Se todas as provas apresentadas em favor da credibilidade das proposições religiosas provêm do passado, é natural verificar se o presente, que pode ser julgado com mais acerto, também pode oferecer tais provas. Se, dessa forma, se conseguisse colocar a salvo de dúvidas mesmo que apenas uma única parte do sistema religioso, o todo ganharia extraordinariamente em credibilidade. É aqui que entra a atividade dos espíritas, que estão persuadidos da continuidade da alma individual e que pretendem nos demonstrar que essa proposição da doutrina religiosa é isenta de dúvidas. Infelizmente, não conseguem refutar o fato de as aparições e manifestações de seus espíritos serem apenas produtos de sua própria atividade psíquica. Eles evocaram os espíritos dos maiores homens, dos mais destacados pensadores, mas todas as manifestações e notícias que deles receberam foram tão tolas, tão inconsolavelmente ocas, que não se pode acreditar em outra coisa senão na capacidade dos espíritos de se adaptarem ao círculo de pessoas que os invoca.

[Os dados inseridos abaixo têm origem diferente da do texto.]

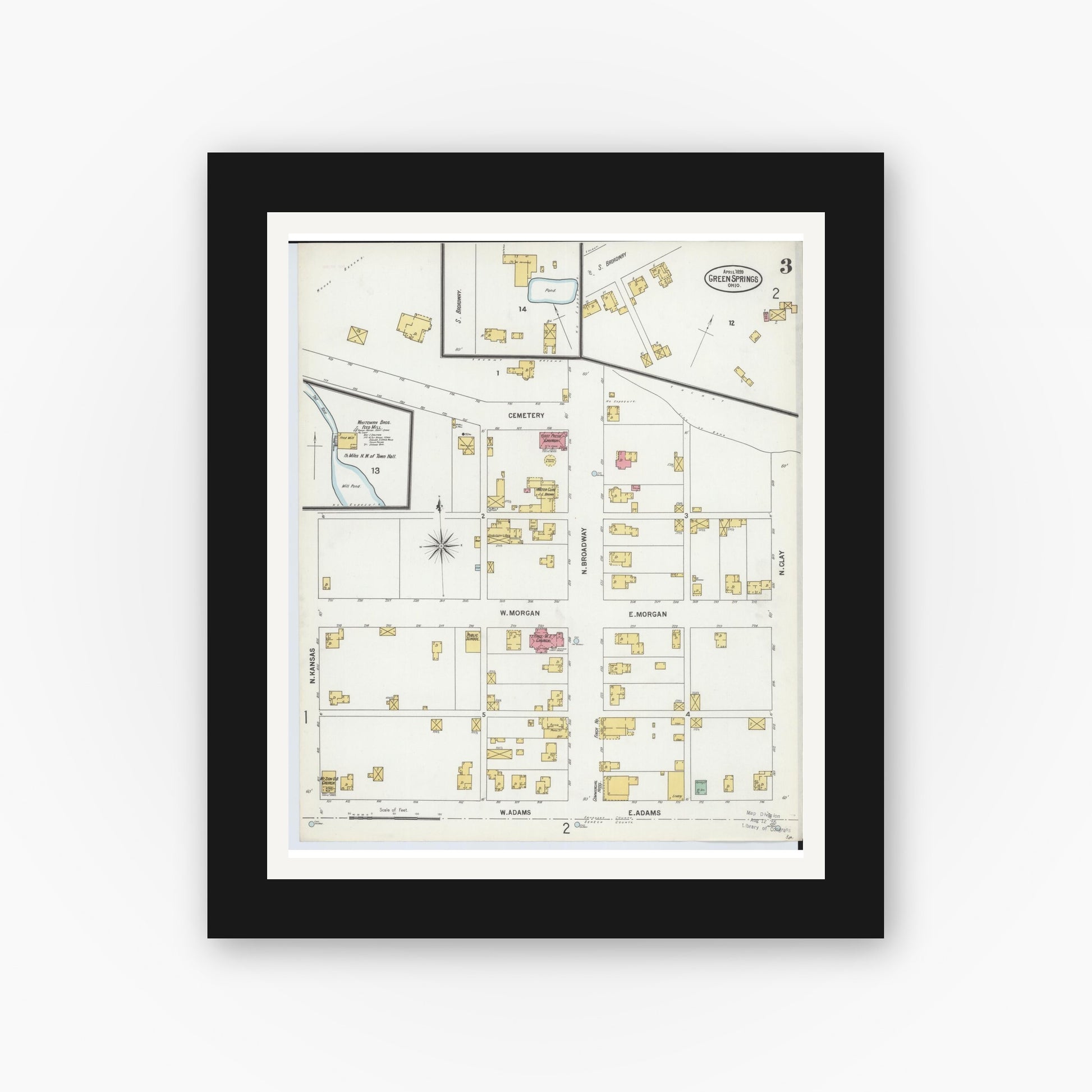 Old map wall art mockup — black gallery frame with white mat — Sanborn Fire Insurance Map from Green Springs, Sandusky And Seneca Counties, Ohio (1899), Sheet #0003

Agora é preciso mencionar duas tentativas que dão a impressão de um empenho obstinado em fugir ao problema. Uma delas, de natureza forçada, é antiga; a outra, sutil e moderna. A primeira é o credo quia absurdum (4) do padre da Igreja. Isso significa que as doutrinas religiosas escapam às reivindicações da razão, que estão acima dela. Deve-se perceber a sua verdade interiormente, não é preciso compreendê-las. Só que esse credo é interessante apenas como confissão; como imperativo, não possui qualquer obrigatoriedade. Sou obrigado a acreditar em qualquer absurdo? Em caso negativo, por que justamente nesse? Não há instância alguma acima da razão. Se a verdade das doutrinas religiosas depende de uma vivência interior que a ateste, o que fazer com as muitas pessoas que não têm semelhante vivência rara? Pode-se exigir de todos os homens que empreguem o dom da razão que possuem, mas não se pode erigir uma obrigação que seja válida para todos sobre um motivo que existe apenas para bem poucos. Se alguém obteve a convicção inabalável na verdade real das doutrinas religiosas graças a um estado extático que o impressionou profundamente, que importa isso ao outro?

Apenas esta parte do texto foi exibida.